Neanche Confindustria si mostra ottimista, sottolineando come la manovra del reddito di cittadinanza sia di fatto irrilevante per la crescita del Pil. Secondo le stime degli industriali, quest’anno la crescita nel 2019 sarà pari a zero, mentre nel 2020 si registrerà un rialzo dello 0,4%. Rispetto alle stime dell’anno precedente ci si aspetta lo 0,9% in meno di crescita del Pil, con il deficit al 2,6%, contro la soglia del 2% prevista dal governo. La replica di Salvini non si è fatta attendere: “Confindustria ci desse una mano, facesse delle proposte. Sui giornali ci attacca e poi chiede incontri”. Il vicepremier non ha perso l’occasione per sfoggiare la solita retorica populista: “Forse i grandi industriali erano abituati troppo bene dalla sinistra: qualunque cosa chiedevano gli veniva concessa. Ma l’Italia è fatta dai piccoli imprenditori, artigiani, commercianti. Non solo da grandi banche e imprese”.
Al coro degli scontenti si è unito anche il presidente della Commissione europea Jean-Claude Juncker: “Crediamo che la crescita dell’Italia arriverà solo allo 0,2%, cioè zero. Il che vuol dire che i problemi dell’Italia continueranno a crescere. Con i nostri amici italiani avevamo un contenzioso, nel corso degli ultimi mesi, relativo al livello della crescita italiana. I livelli annunciati dall’Italia si sono rivelati imprecisi e noi l’avevamo previsto, tutti noi”. Juncker si riferisce al braccio di ferro tra governo e Unione europea dell’autunno scorso, quando la Commissione aveva bocciato gli esiti della manovra italiana. All’epoca Salvini aveva dichiarato: “Noi passi indietro non ne facciamo, i soldi che abbiamo messo in manovra non li abbiamo messi lì a caso: c’è l’idea di un’Italia che cresce”.

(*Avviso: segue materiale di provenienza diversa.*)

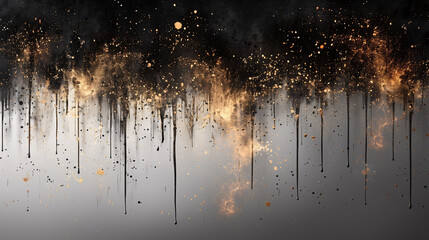 Abstract Black and Gold Paint Splatters on Gray Background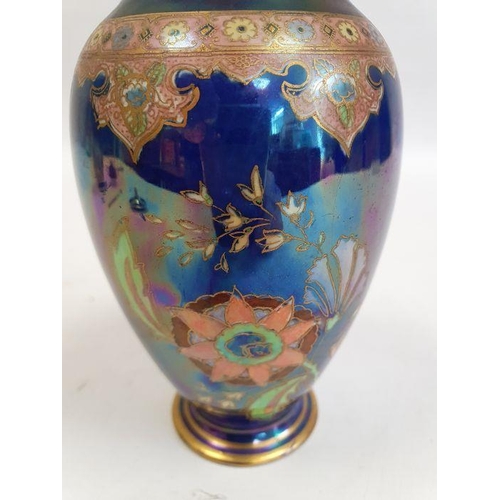 64 - Carltonware lustre vase and cover, ovoid, floral decorated on a blue ground, 17cm high and a lustre ...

Per il momento la crescita per noi è un miraggio lontano, mentre i soldi destinati al reddito di cittadinanza non sembrano “messi a caso”, ma direttamente gettati dalla finestra. I passi indietro che il governo non ha fatto si sono trasformati in una rapida corsa verso la crisi economica. I sintomi della recessione sono stati rilevati da più parti: non si può ignorare che l’Ue, Unimpresa, Confindustria e l’Ocse abbiano lanciato lo stesso allarme sui conti italiani. I due vicepremier glissano sulla gravità della situazione, fra proclami privi di significato e tentativi di deviare l’attenzione degli elettori con love story da rotocalco. Nel frattempo le richieste per il reddito di cittadinanza si ammassano sulle scrivanie di centri per l’impiego, incapaci di gestirne la portata. Un collasso che è la perfetta metafora del futuro economico del Paese.